A.      Pengertian  E-Learning
E-Learning adalah istilah yang digunakan untuk menyederhanakan kata electronic learning . Diliat dari struktur kata electronic learning atau e-learning dapat kita lihat bahwa istilah ini dibentuk dari dua kata dasar yaitu elektronic yang berarti elektronik dan learning yang berarti pembelajaran. Jadi electronic learning atau e-learning berarti pembelajaran dengan menggunakan jasa bantuan perangkat elektronika. Dalam pelaksanaannya e-learning menggunakan jasa audio, video atau perangkat komputer atau kombinasi dari ketiganya. Dalam berbagai literatur, e-learning didefinisikan sebagai berikut:
e-Learning is a generic term for all technologically supported learning using an array of teaching and learning tools as phone bridging, audio and videotapes, teleconferencing, satellite transmissions, and the more recognized web-based training or computer aided instruction also commonly referred to as online courses” (Soekartawi, Haryono dan Librero, 2002).

B.       Metode Pembelajaran E-Learning
Dilihat dari cara penyampaiannya, e-learning dibagai kedalam dua cara yaitu One way communication (komunikasi satu arah) dan Two way communication (komunikasi dua arah). Komunikasi atau interaksi antara guru dan peserta didik memang sebaiknya melalui sistem dua arah. Dalam e-learning, sistem dua arah ini juga bisa diklasifikasikan menjadi dua, yaitu: dilaksanakan melalui cara langsung (synchronous). Artinya pada saat instruktur memberikan pelajaran, peserta didik dapat langsung mendengarkan; dan dilaksanakan melalaui cara tidak langsung (a-synchronous). Misalnya pesan dari instruktur direkam dahulu sebelum digunakan.
Pemanfaatan e-learning tidak terlepas dari jasa internet. Karena teknik pembelajaran yang tersedia di internet begitu lengkap, maka hal ini akan mempengaruhi terhadap tugas guru dalam proses pembelajaran. Dahulu, proses belajar mengajar didominasi oleh peran guru, karena itu disebut the era of teacher. Kini, proses belajar dan mengajar, banyak didominasi oleh peran guru dan buku (the era of teacher and book) dan pada masa mendatang proses belajar dan mengajar akan didominasi oleh peran guru, buku dan teknologi (the era of teacher, book and technology).

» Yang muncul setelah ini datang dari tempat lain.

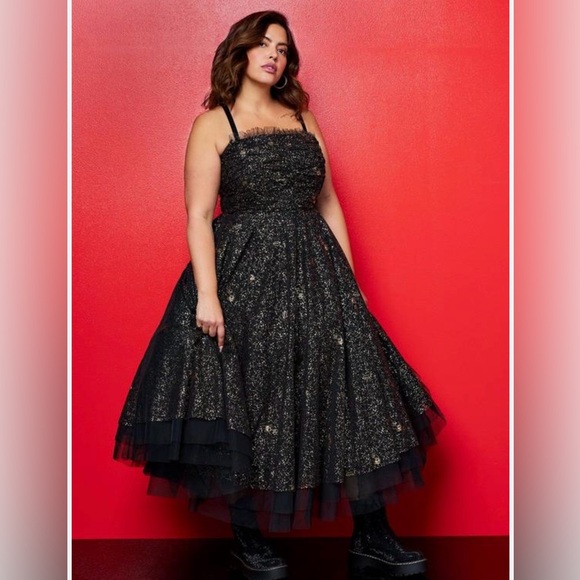 torrid Dresses & Skirts - Torrid Black and Gold Glitter Betsy Johnson Dress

E-learning tidak hanya berlaku metode pembelajaran secara on-line saja, namun penerapannya bisa secara off-line juga, seperti pembelajaran di kelas dengan menggunakan proyektor atau menonton film dvd guna mempelajari sesuatu mengenai beberapa kejadian aktual seperti kejadian bencana gempa, tsunami, dan sebagainya.

C.      E-Learning di Sekolah Dasar (SD)
Bagi anak-anak sekolah dasar penggunaan internet yang kurang proporsional dapat mengabaikan peningkatan kemampuan yang bersifat manual seperti menulis tangan, menggambar, berhitung, dsb. Dalam hubungan ini guru perlu memiliki kemampuan dalam mengelola kegiatan pembelajaran secara proporsional dan demikian pula perlunya kerjasama yang baik dengan orang tua untuk membimbing anak-anak belajar di rumah masing-masing.
 

Jadi disini siswa benar-benar dituntut untuk berperan aktif dalam pembelajaran interaktif melalui komputer dan internet. Anak-anak berhadapan dengan komputer dan melakukan aktivitas pembelajaran secara interaktif melalui jaringan internet untuk memperoleh materi belajar dari berbagai sumber belajar. Anak akan melakukan kegiatan belajar yang sesuai dengan kondisi kemampuan individualnya sehingga anak yang lambat atau cepat akan memperoleh pelayanan pembelajaran yang sesuai dengan dirinya.
Kurikulum dikembangkan sedemikian rupa dalam bentuk yang lebih kenyal atau lunak dan fleksibel. Dan tidak menutup kemungkinan untuk nantinya kebanyakan murid sekolah dasar akan membawa notebook dengan akses internet tanpa kabel.

Untuk dapat memanfaatkan e-learning dalam memperbaiki mutu pembelajaran di sekolah dasar, ada tiga hal yang harus diwujudkan yaitu:
1.       siswa dan guru harus memiliki akses kepada teknologi digital dan internet dalam kelas, sekolah, dan lembaga pendidikan guru;
2.       harus tersedia materi yang berkualitas, bermakna, dan dukungan kultural bagi siswa dan guru;
3.       guru harus memiliki pengetahuan dan keterampilan dalam menggunakan alat-alat dan sumber-sumber digital untuk membantu siswa agar mencapai standar akademik.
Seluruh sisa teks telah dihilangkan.